Autrefois, les MRE investissaient soit dans les lots de terrain pour y construire leur maison, soit dans des projets balnéaires. Face à la conjoncture internationale, la tendance constatée actuellement est plutôt axée sur un achat dans le logement social car les MRE bénéficient des mêmes avantages fiscaux que les nationaux.

Quels sont selon vous les points forts et les points faibles du secteur immobilier au Maroc aujourd’hui ?

Les points forts sont la forte demande et notamment dans le moyen standing et le logement social (déficit actuel de 800.000 logements) ; un dispositif fiscal et le fonds de garantie mis en place par l’Etat et la démocratisation du crédit.

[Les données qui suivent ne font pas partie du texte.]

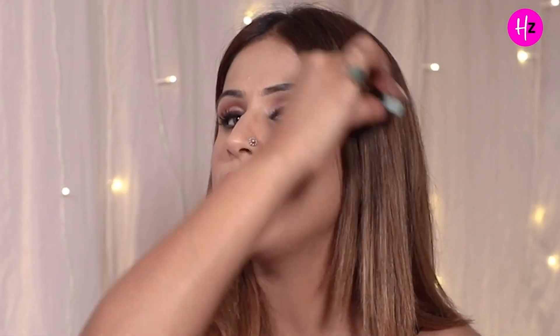Agar aapka face cut aisa hai ki aapka forehead bohat zyada bada hai — all you have to do is follow this direction and then just blend it. I'm not doing it because mera forehead already bohat chota hai. Ye aap kar sakte hai agar aapka face cut thoda sa heavy or plump hai to make it chiseled. Also, agar aapka already bohat chiseled face hai to aapko nose contouring ya jawline contouring ki bilkul zaroorat nahi, because you do not really want to make it more thin.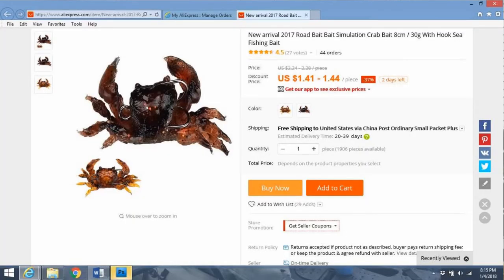So I ordered this one back in November — it's been sitting here for a while, just haven't gotten around to it. It's listed as 'New Arrival 2017 Road Bait Simulation Crab Bait 8cm 30g with Hook Sea Fishing Bait.' I got it for a buck 48 with free shipping. Right now, depending on the color, it's listed for a buck 43 to a buck 46 — still free shipping.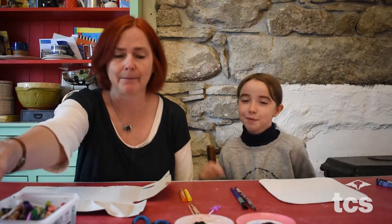Well, hi everybody. I'm Carmel. This is Laurie and we are here to make some art today. I am Laurie's mommy.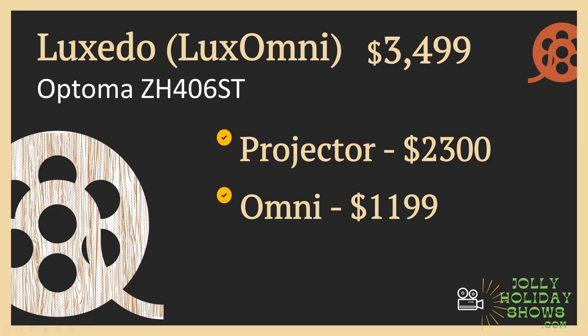For buying, the pros are simplicity — you're not going to have to research all the different parts, piece it together, and test it. It's just going to come to your door from Luxedo or Digital Press Works, and that part's done. That also means it's going to be a lot faster to get up and running. If you go the Luxedo route, additionally it's a more compact package — the enclosure it comes in is smaller.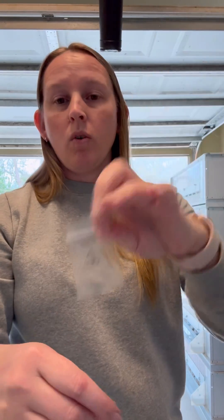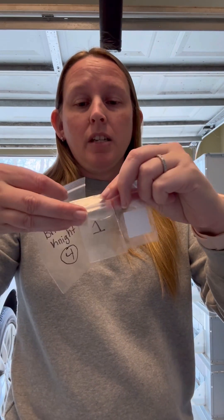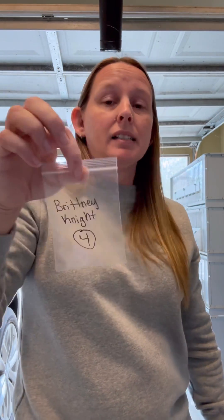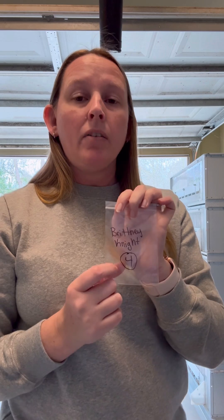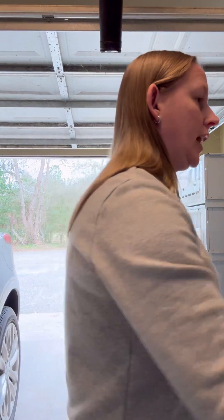Some people just label the baggies one through however many chicks they're doing; some people put a little sticker on there and write on that. Either way is fine — you can write directly on the bag or on a sticker, as long as it's legible. Then you're going to need a larger bag to put all of your individual samples in. If you're doing four samples, you'll want four little bags for your PCR tubes, then put all four bags into a larger bag — a sandwich bag works fine. Label that larger bag with your name and however many samples you're sending in.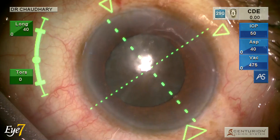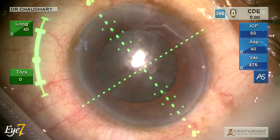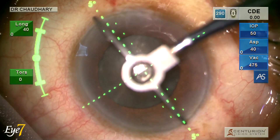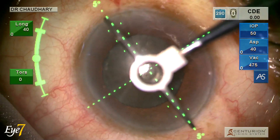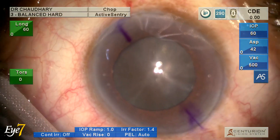First I have to mark the axis which is at 5 degrees, and this is being marked by a digital axis marker. I am confirming the axis with a gentian violet mark.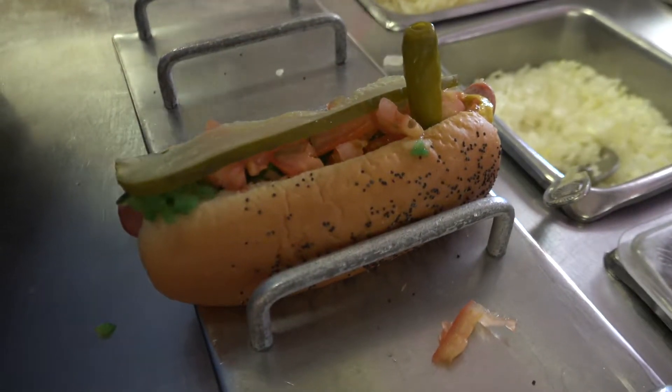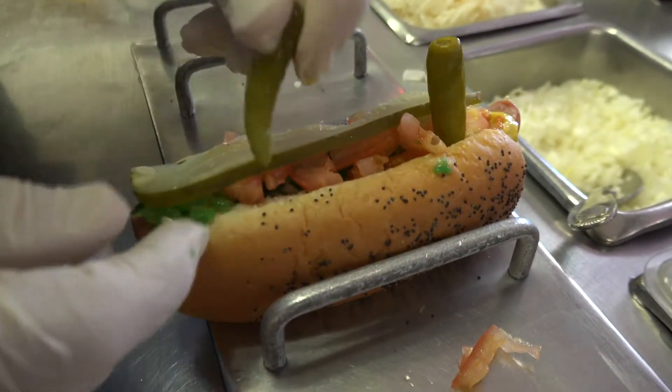This is the hot dog I grew up eating. That is a culinary masterpiece.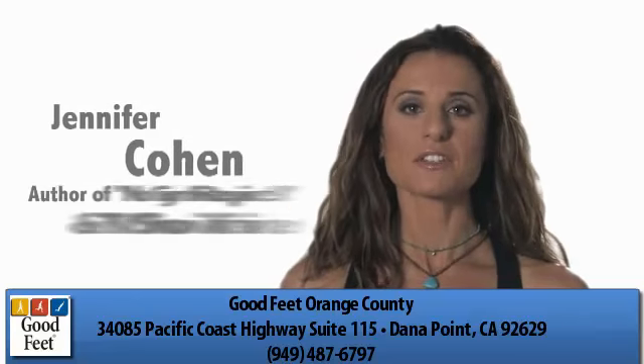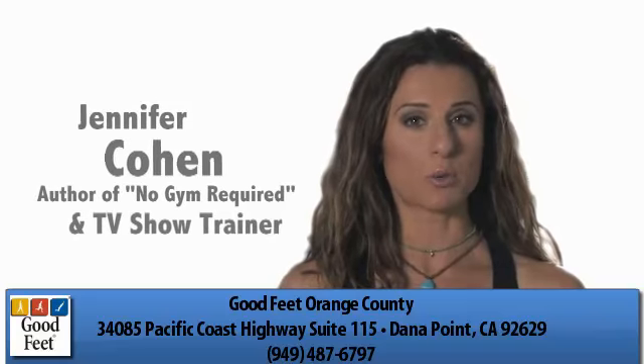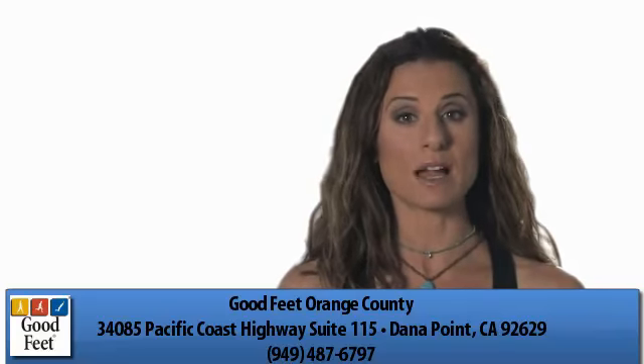Hi, I'm Jennifer Cohen. As a fitness trainer, I push people to do more so they see the results they really want. I also help people develop workout programs that save them time and money.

Quant aux points faibles, on peut relever la rareté et cherté du foncier, la surabondance de l’offre dans certaines villes du Maroc (Tanger, Marrakech, Fès…), le surendettement de la classe moyenne et une certaine précarité actuelle des MRE due à la crise internationale

Que préconisez-vous pour remédier à ces derniers ?

Une des priorités semble être la mise à disposition par l’Etat de foncier. Ensuite, accorder plus de hauteur dans la réalisation des immeubles. Ceci permettra d’une part, de baisser le prix de vente des appartements car la charge foncière sera moins élevée et d’autre part, cela permettra d’avoir beaucoup d’espaces verts et de voies piétonnes.

Quelles sont selon votre expérience, les nouvelles les niches à exploiter pour dynamiser le secteur immobilier au Maroc ?

Il faut absolument réaliser des projets pour la classe moyenne qui est de plus importante en proposant des appartements de qualité aux surfaces optimisées afin de réduire le prix de vente. Dans ce créneau, le rôle de l’Etat est primordial et doit accorder aux promoteurs des avantages fiscaux.

Il faut également proposer des projets où le bien être de la famille doit être la motivation première lors de la conception (espaces de jeux pour les enfants, espaces verts, salle de sport…).

 

Dans les sociétés de consommation de type occidentale, on a pour crédo « le client est roi; et le client a toujours raison ». Au Maroc, dans le secteur immobilier, quelle place fait-on au client, c’est à dire l’acquéreur ? Et y a-t-il matière à améliorer les choses selon vous ?

Lors des « années glorieuses » de l’immobilier (2003 – 2008), les promoteurs étaient en position de force et ne souciaient pas trop du client… Aujourd’hui, avec la crise et la forte demande, les promoteurs doivent prendre en considération les besoins et les attentes du client en respectant le cahier des charges communiqué lors de la réservation de son bien (respect du délai de réalisation, respect des prestations…). L’information et le devoir de transparence sont devenus indispensables et un gage de sérieux et de professionnalisme.